Two months on from the Tories’ worst election result in its history, none of its prospective leadership candidates inspire confidence in a fast bounce-back. Research by More in Common found that 70% of the public either didn’t know who could win the next election for the Tories, or thought none of them could. James Cleverly, third place in Wednesday’s vote among MPs, did best: 8% of respondents believed he could turn things round. Results are starkest for Mel Stride (still in the contest by the skin of his teeth): 1% of general voters and 1% of 2024 Conservative voters polled think he stands a chance. Priti Patel is now out of the race, but Tom Tugendhat, Kemi Badenoch and Robert Jenrick all hover around 5% of general voters, perhaps reflecting the fact they’ve done little to distinguish themselves from one another – instead chasing the same fervid, anti-immigrant dreamscape. But surely the worst finding is that voters are starting to find the party “weird”.
It’s a word that’s been deployed to devastating effect in the US, where Tim Walz detonates it folksily against Donald Trump and the entire Republican party. “That stuff is weird. They come across weird,” he said. It is a line he has repeated in slightly different iterations across the pre-campaign trail. Walz could be talking about anything: Trump’s rambling speeches, or his hair, or the spectacle of a billionaire blatantly fighting for the interests of capital with grand, pugnacious rhetoric about the working man. It’s all weird. A poster doing the rounds on social media reads: “We’re not perfect, but they’re nuts! Vote Democrat”. It’s close, but it’s no bullseye: often the Republican stance is perfectly sane, in the sense that self-interest is sane and seeking victory is sane. But it’s still, objectively, weird.
The Conservative leadership candidates also come off as weird, for their obsessive focus on things no one else is talking about: leaving the European convention on human rights; a cap on migrants (and whose cap is the lowest); the scourge of woke. Things were different when, in government, they set the agenda – like it or loathe it, when they talked about culture wars, they were at least dancing to their own tune. Now they’re still doing that quite frantic dance to a different tune, it comes off as still loathsome – but also plain weird.

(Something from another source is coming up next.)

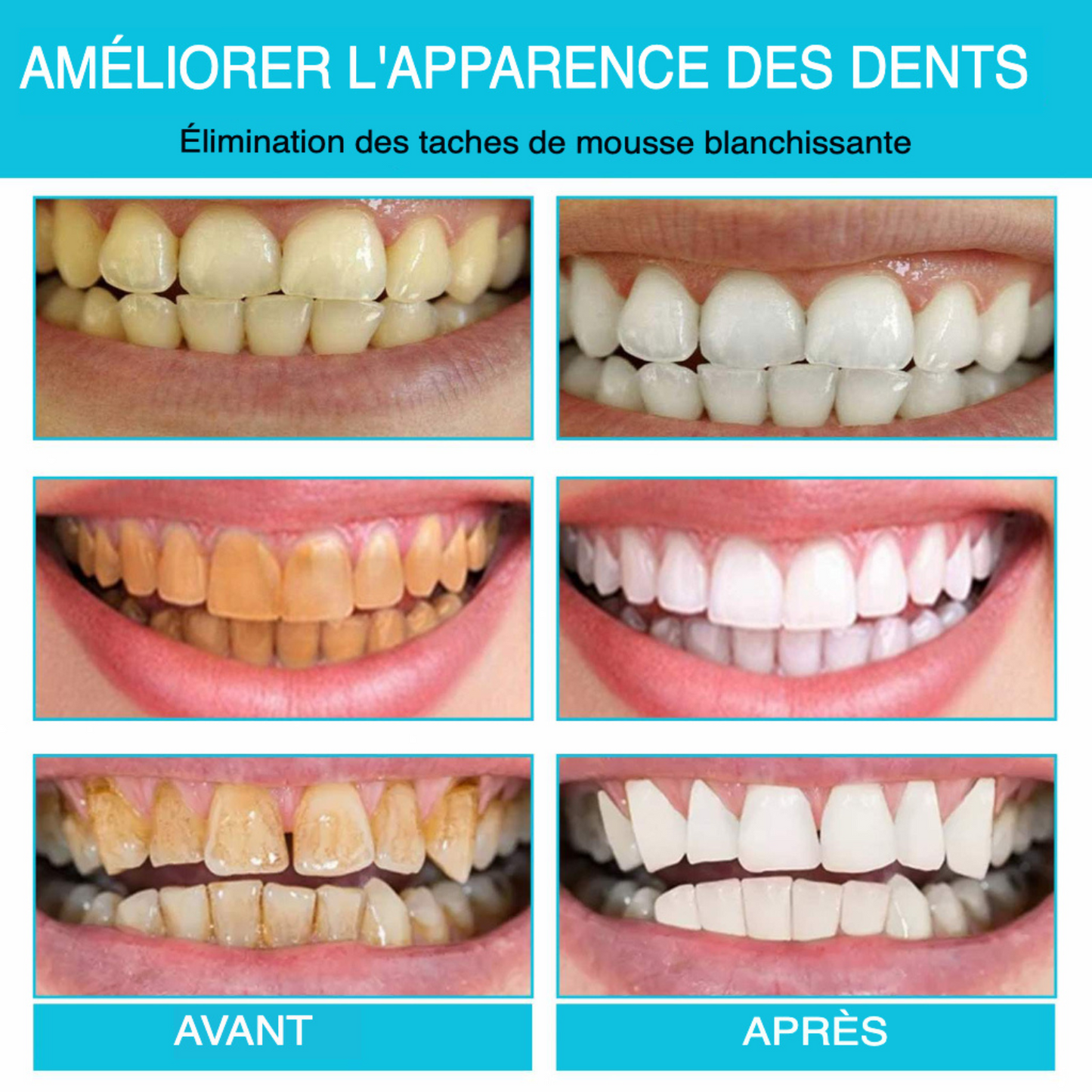 Mousse Blancheur Sourire Éclatant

The word is a circuit breaker, it resets the debate. It’s very difficult to come back from, as evidenced by Donald Trump’s pitiful response to Walz: “I’m not weird, he is.” But if the Tories want to de-weird themselves, they have to consider how they got so weird in the first place.

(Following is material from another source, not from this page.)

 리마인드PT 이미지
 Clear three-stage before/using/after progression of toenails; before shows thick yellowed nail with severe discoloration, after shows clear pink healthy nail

This, as far as I can tell, is the chronology. The electorate, mediated and understood through polling, wanted probity and competence but then voted for Boris Johnson. We never got another chance to vote, en masse, for a Tory leader, but both Liz Truss and Rishi Sunak represented a sort of kit-car version of preferences inferred from the popularity of Johnson. Truss shared his messianic, hang-the-consequences, evidence-be-damned self-belief; but that, it transpired, was weird. Actions do have consequences; Truss was not the Messiah. Sunak was no more than the last man standing, but was attempting to be a man of the people while actually being richer than the king. It was not dishonest, as such, but it was incredibly weird to watch.

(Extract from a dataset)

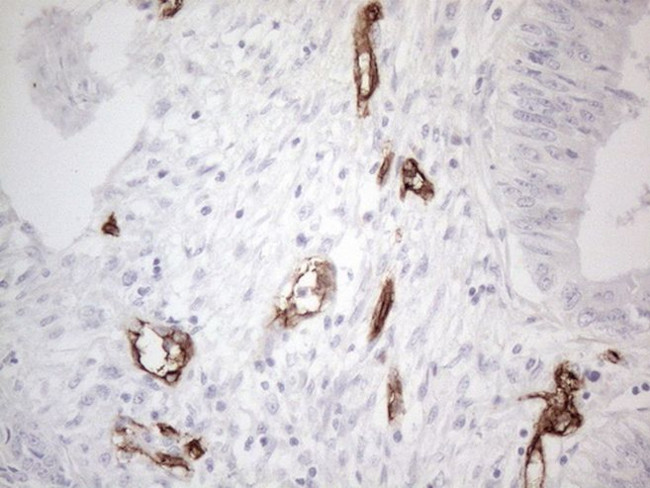 CD34 Antibody in Immunohistochemistry (Paraffin) (IHC (P))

Much of the Tories’ rhetorical weirdness – the new generation’s tough talk on migration and the culture wars – is a reheated version of the early post-Brexit years. The analysis of that result centred on the question: how did the nation get so angry, and why did nobody notice? Brexiter Conservatives, high on victory, found the fault in an amorphous “metropolitan elite”, who might be a supreme court judge or a leftwing activist using a food bank who happened to live in London. But the world has moved on now and quite a lot else has happened; people are angry for different reasons. But, for the Tory candidates, the liberal elite are like reds under the bed: the spectre always remains, regardless of how little traction it gains with the public. They doubtless all know that it isn’t working, but are stuck trying to create a brand from lines that worked in the past.
In the best possible case scenario – Cleverly and Patel – it adds up to a persona, but it doesn’t add up to a person. In the middle – Badenoch and Tugendhat – it looks aerated and cynical (respectively). In the worst case, Jenrick’s, the word that came up in the polling was “slimy”, which conveys both a quality of obsequiousness and the way he slips through your fingers. It is impossible to know who he is, or what he really thinks.
In passing, Tory-to-Lib Dem switchers explained that “Ed Davey’s party just seemed more ‘normal’”. It’s easy to understand why. Davey had a plausible argument about a real thing that people understood (social care), as opposed to an existential crusade about something you can’t even discuss without a pre-debate on whether it means anything (a war on woke).
This is all to say that the Tory candidates have ended up miles from where the electorate is currently situated, to land somewhere, well, extremely weird. I’m in no tearing hurry to see them recover: sure, all governments need an opposition to keep them sane – but I’m happy to watch a normal person do it for a bit.
Zoe Williams is a Guardian columnist
• This article was amended on 5 September 2024 to say that James Cleverly came third in Wednesday’s leadership vote. Previously, the article said he had come second.